Schon an seinem ersten Tag in Mainz hatte er eine Arbeitsstelle, 1973 eröffnete er sein erstes Lokal in Kostheim. Das hatte er bis 1988, dann ging er nach Rüdesheim und machte dort ein Lokal auf. Seit 2000 versorgte er in der „Gut Stubb“ in Orlen seine Gäste mit Pizza und Pasta, aber auch und besonders mit Steaks und Schnitzel.

Er habe immer sehr gute Köche aus Sardinien gehabt, sagt Dominic. Aber er nimmt auch für sich in Anspruch, ein guter Chef zu sein. „Man darf nicht mit dem Personal schimpfen“, so sein Leitwort. Daran habe er sich immer gehalten.
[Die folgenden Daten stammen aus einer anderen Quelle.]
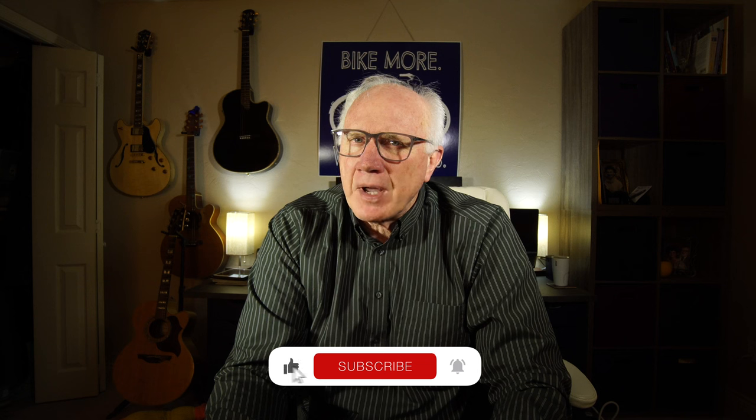Hi, I'm Arnie. Why don't you consider subscribing? Just click that big red subscribe button, click the bell icon so you won't miss anything. Give us a thumbs up, comment — all that good stuff really does help the channel keep doing what we're doing.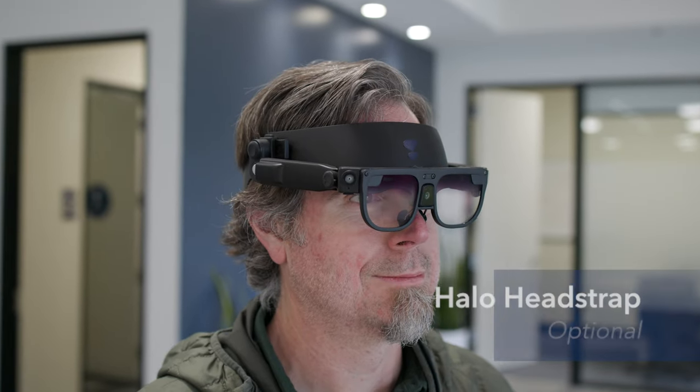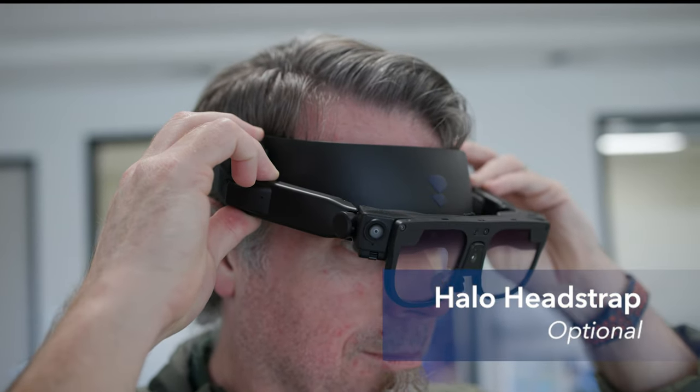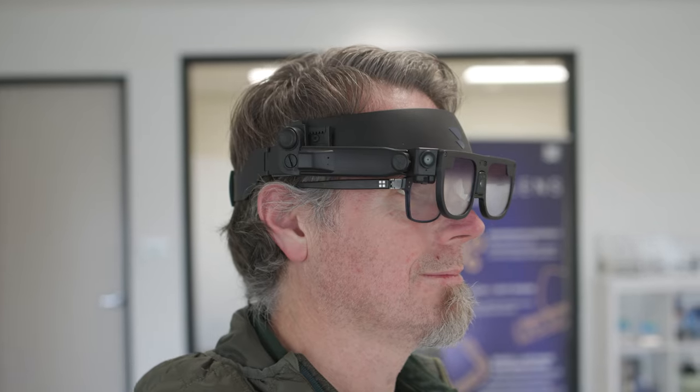For more flexibility, there's the halo head strap. With this, you can clip Argo in and you'll have a full range of motion to move it forwards, backwards, flip it up, and wear prescription glasses underneath.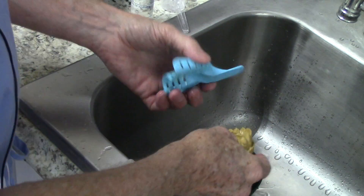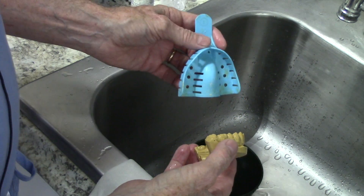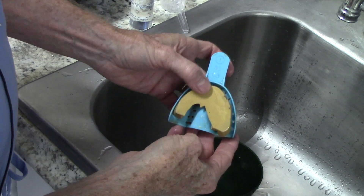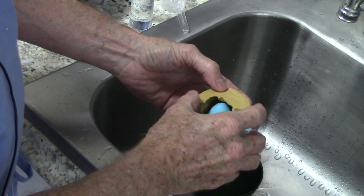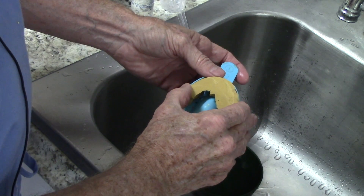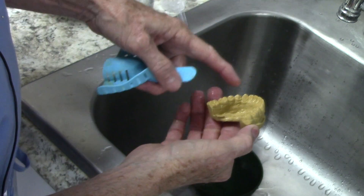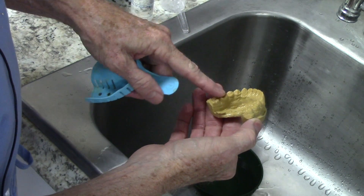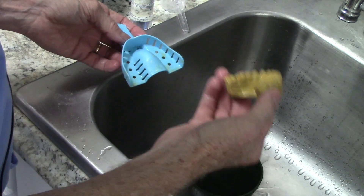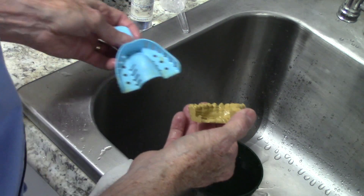Now I use this impression tray. It's a disposable tray but I use it over and over. I like to get a tray that gives me plenty of room. I want to make sure I go down into the impression material but I don't want to go all the way down and touch the tray. If I do, it's going to leave a cusp tip touching the tray, which could lead to a misrepresentation of the anatomy or cause bubbles. So I just want it to be in the impression material but not all the way through.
Als Zeuge nennt er seinen letzten Koch Perseo Manias, der immer noch hoffe, dass die „Gut Stubb“ doch noch einmal aufmacht.

„Die Leute vermissen mich und die Gaststätte“, weiß Paglione. Das bestätigt Ortsvorsteher Dieter Jacobi. Einem Dorf ohne Kneipe fehle der alltägliche Treffpunkt, den Vereinen fehle der Sitzungssaal, den Menschen das Lokal, in das man abends spontan essen gehen oder in dem man Feste und Familienfeiern abhalten kann.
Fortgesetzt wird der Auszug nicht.